RANDOM FRACTAL PATHWAYS generated in a computer simulation by Oded Schramm and Scott Sheffield of the theory group at Microsoft Research reveal a type of pattern that may be useful in the modeling of quantum field theory or the contours of a crystal surface. This basic research bears no direct relation to any Microsoft product.
Image: MICROSOFT RESEARCH
Thousands of Microsoft product developers--a sea of tieless shirts, dress pants and jeans--have descended on a nondescript building on the company's main campus in Redmond, Wash., one drizzly day in early March. Inside, rows of booths display the latest intellectual output from many of the 700 scientists who make up the software maker's research division. At one booth, there is a microphone that eliminates background noise. At another is software that converts a video image of a face into a graphic animation. Moving along, the visitor comes across a digital camera worn on the body of an exhibitor that snaps a frame every time the camera senses a change in temperature or light, creating a comprehensive record of a person's entire waking life. The annual event, called TechFest, is a means of ensuring that product developers stay aware of what the research side is doing.

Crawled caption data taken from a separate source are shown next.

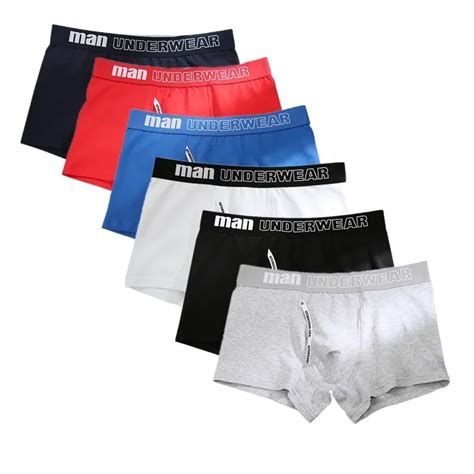 Boxer En Coton Pour Homme Pi Ces Lot Sous V Tement Doux Et R Sistant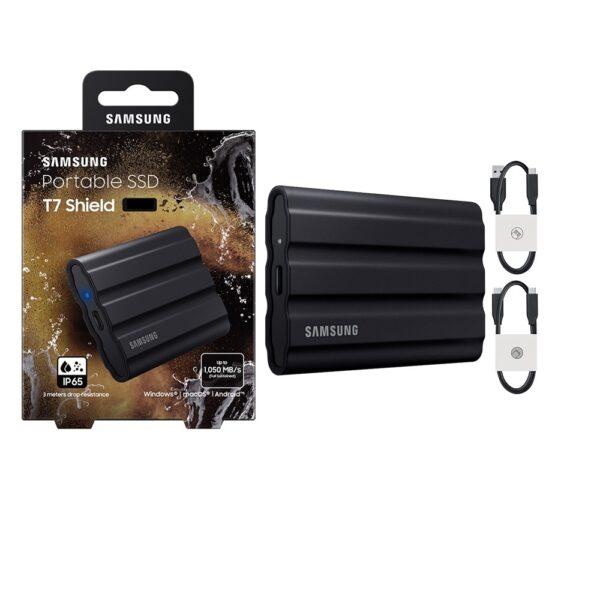SAMSUNG 4TB T7 Shield – (Black) Portable SSD USB 3.2 – 1050MB/s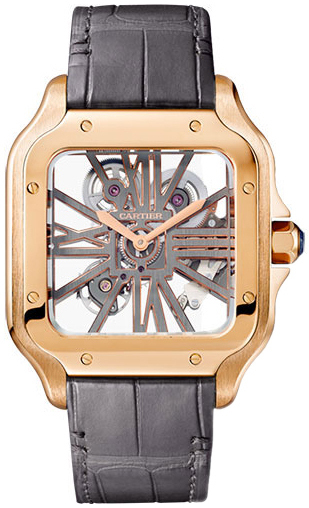 Cartier Santos De Cartier Miesten kello WHSA0010 Luurankokello/Nahka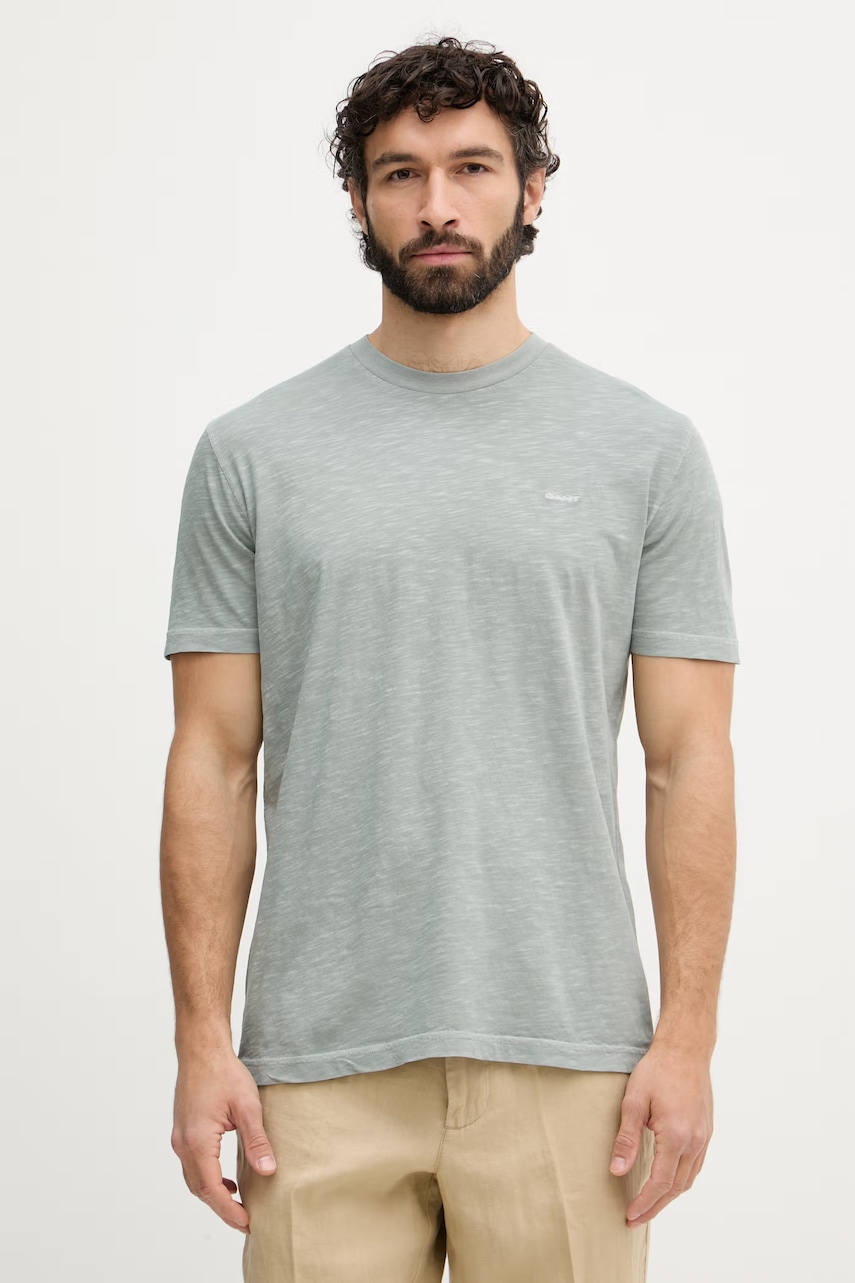 Gant μπλουζάκι basic ανδρικό βαμβακερό 2003419 τιρκουάζ L,S,XL,XXL,XXXL,M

The displays demonstrate a mix of ingenuity and cuteness typical of academic computer science departments. The Media Lab at the Massachusetts Institute of Technology immediately comes to mind. More startling than the displays themselves are some of the individuals walking the floor at the exhibition. Among them are engineers, mathematicians and programmers, some of whose ponytails are now graying, who would be shoo-ins for a Computer Science Hall of Fame. Meet C. Gordon Bell, an inventor of the minicomputer. Or James Kajiya, creator of some of the key mathematics underlying computer graphics rendering and winner of an Academy Award for technical achievement. Then there is James Gray, a giant in databases. These legendary figures have not come for a casual visit. During the past 13 years, using its enormous cash stockpiles, Microsoft has hired scores of these techno-wizards from universities and competitors to create one of the largest concentrations of talent the field has ever seen.